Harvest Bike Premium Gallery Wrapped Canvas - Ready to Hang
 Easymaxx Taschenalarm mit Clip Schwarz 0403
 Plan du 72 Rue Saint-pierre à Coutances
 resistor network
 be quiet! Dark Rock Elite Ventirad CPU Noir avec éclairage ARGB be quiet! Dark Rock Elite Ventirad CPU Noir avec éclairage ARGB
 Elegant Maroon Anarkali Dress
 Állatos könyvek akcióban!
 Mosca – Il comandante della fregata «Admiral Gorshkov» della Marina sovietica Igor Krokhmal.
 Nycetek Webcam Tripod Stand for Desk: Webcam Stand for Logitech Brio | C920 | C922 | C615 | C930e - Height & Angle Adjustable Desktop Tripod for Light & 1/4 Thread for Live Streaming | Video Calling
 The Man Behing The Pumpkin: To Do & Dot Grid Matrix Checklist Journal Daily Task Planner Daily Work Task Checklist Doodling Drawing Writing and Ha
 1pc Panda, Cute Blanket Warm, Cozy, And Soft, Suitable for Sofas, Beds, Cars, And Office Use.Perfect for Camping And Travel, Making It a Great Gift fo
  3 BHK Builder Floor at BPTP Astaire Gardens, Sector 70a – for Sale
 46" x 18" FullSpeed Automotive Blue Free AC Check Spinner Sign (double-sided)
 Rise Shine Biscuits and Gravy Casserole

* * * * * * *

In the listing above, the line with "1pc Panda, Cute" starts the part to copy. Copy it through the last line exactly, with nothing else.

 1pc Panda, Cute Blanket Warm, Cozy, And Soft, Suitable for Sofas, Beds, Cars, And Office Use.Perfect for Camping And Travel, Making It a Great Gift fo
  3 BHK Builder Floor at BPTP Astaire Gardens, Sector 70a – for Sale
 46" x 18" FullSpeed Automotive Blue Free AC Check Spinner Sign (double-sided)
 Rise Shine Biscuits and Gravy Casserole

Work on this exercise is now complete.